:: Required work ::
The listing below must be repeated word for word, with its images excluded.

:: Information shown ::
════════

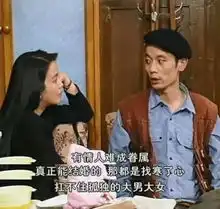  每日一笑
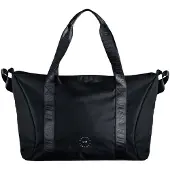 Endless Sac Duffle Haze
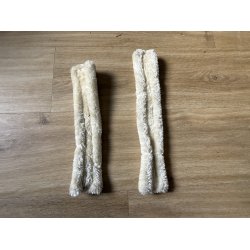 Plys for til grime, str. Cob-Full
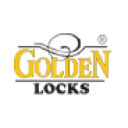 goldenlocks.com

════════

:: Your response ::
  每日一笑
 Endless Sac Duffle Haze
 Plys for til grime, str. Cob-Full
 goldenlocks.com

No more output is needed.